Indeed, a morally powerful argument in favor of supporting OLC (and not just a graphical world builder) AND short commands (as retyping/adjusting a command isn't necessarily trivial to the blind - I do vaguely remember a blind relative's favorite offline text-based game, but I don't claim to be an expert on accessibility there nor did I know this relative very well - I was pretty young, but I don't recall any concept of 'cursor between characters' conveyed with her hardware - which if that is normally the case, might make adjusting complicated lines of script involve an awful lot of retyping.)
Ok so I lost net connection and subsequently lost this text when I refreshed the page to check the connection (oops) but I spent the offline time to write the OLC User Story and clarify my vision. I consider that stuff "level design" work when done in such an OLC model rather than "scripting" since it's all about setting/adjusting values, creating level content, etc. Setting the "RandomCommandBehavior" 'commands' multi-line string property is kinda approaching the lines of what might be defined as scripting though even though it's just a list of commands. (More response coming)
Indeed, it's largely a social issue and such decisions (choice) should be available to the particular administrative staff. "Builder" being a boolean trust status is just one option. The more complicated superset is to allow "multiple levels of builder" permissions which scale up in responsibility as your level of trust is awarded.
In other words, IMO it should be a supported model for an administrative staff to chose: anyone can build a basic area, even if you're not a high level regular player; some people just want to contribute more than they consume - once a builder has proven value and trust has risen (perhaps through the avenue of building good content itself) then they can be elevated to gain additional builder privileges/commands/etc. If our permissions model supports the ability to custom-define roles / permissions sets (which IMO we want to do, I think we've got a good thread or two on that) then scaling down to the simpler boolean "any builder has all builder permissions" model is inherently supported too.

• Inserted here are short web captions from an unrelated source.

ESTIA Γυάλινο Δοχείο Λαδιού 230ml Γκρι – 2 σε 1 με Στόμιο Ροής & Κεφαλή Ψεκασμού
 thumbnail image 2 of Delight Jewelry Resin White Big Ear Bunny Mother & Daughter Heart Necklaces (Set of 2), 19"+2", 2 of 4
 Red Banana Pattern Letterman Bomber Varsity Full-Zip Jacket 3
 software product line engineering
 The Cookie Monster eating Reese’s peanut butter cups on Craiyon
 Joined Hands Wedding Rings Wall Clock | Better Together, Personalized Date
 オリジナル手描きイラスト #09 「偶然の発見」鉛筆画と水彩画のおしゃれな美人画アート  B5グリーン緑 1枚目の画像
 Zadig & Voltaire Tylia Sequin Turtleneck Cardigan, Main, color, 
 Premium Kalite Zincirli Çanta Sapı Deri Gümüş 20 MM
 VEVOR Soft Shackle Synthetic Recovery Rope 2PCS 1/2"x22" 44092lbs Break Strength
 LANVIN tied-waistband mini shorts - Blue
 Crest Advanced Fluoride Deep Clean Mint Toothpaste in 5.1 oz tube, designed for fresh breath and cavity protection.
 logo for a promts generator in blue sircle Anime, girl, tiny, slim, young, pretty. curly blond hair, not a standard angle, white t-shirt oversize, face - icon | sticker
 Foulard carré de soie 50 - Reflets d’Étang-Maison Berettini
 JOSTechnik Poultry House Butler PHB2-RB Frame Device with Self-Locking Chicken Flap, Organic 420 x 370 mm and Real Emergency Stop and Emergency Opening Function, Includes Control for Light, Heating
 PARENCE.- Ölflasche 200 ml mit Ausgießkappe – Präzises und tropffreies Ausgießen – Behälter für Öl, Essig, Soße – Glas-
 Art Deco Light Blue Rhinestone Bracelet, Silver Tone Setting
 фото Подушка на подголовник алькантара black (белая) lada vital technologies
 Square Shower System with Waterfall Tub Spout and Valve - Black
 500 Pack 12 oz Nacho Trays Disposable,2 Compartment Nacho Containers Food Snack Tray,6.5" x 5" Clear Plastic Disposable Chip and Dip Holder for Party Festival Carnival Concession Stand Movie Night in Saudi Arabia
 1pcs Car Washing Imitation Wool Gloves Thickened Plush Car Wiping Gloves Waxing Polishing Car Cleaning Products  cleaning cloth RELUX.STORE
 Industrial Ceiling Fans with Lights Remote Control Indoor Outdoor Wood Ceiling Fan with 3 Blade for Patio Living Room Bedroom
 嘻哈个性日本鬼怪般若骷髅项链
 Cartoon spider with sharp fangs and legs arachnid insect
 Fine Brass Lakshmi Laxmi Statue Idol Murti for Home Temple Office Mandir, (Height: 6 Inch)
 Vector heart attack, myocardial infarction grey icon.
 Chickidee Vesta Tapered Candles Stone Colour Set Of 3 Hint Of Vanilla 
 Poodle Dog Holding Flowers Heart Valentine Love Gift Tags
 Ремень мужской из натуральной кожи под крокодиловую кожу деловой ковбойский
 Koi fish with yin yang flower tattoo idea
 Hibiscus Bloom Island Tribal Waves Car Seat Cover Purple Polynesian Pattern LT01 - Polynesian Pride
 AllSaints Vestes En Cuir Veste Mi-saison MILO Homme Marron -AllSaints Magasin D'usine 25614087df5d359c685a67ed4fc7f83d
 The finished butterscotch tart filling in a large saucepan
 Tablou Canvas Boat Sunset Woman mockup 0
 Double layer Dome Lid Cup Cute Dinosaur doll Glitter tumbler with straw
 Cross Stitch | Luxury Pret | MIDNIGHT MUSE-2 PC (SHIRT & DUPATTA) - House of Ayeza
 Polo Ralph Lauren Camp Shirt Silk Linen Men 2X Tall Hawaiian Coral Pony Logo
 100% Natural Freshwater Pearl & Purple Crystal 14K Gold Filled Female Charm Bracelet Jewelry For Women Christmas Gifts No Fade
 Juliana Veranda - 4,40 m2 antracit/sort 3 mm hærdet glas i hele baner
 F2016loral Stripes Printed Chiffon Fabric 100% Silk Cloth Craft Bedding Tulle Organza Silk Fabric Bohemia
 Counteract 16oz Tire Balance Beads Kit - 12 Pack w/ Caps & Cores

On virtual object heirarchy, I've been trying to decide if that's a good idea. Whether, when a base flashlight template's weight changes, should instances of that flashlight all change? Probably. Should the metal flashlight template's weight change too, and instances of the metal flashlights' weight change too automatically? Probably not as it might change in the unexpected direction or to an unexpected value, etc. If the core nature of the OnOffSwitch is expanded/improved/bugfixed (IE to add new context-sensitive command patterns like "flip switch on X") then I think all objects which use it should inherently also gain the improvement.
[ed 2021: Touched a bit on heirarchy update ideas on the OLC User Story notes since then too.]
TLDR; Our only opponent to banning "scripting" seemed to repeatedly think we were proposing to ban "rich OLC" which is not remotely the case. We really want non-technical users to log in as builder and successfully create complex, wicked cool game interactivity. We need to provide great OLC tools for this. Then they just need to learn OLC commands, not a scripting language like CS-Script or LUA.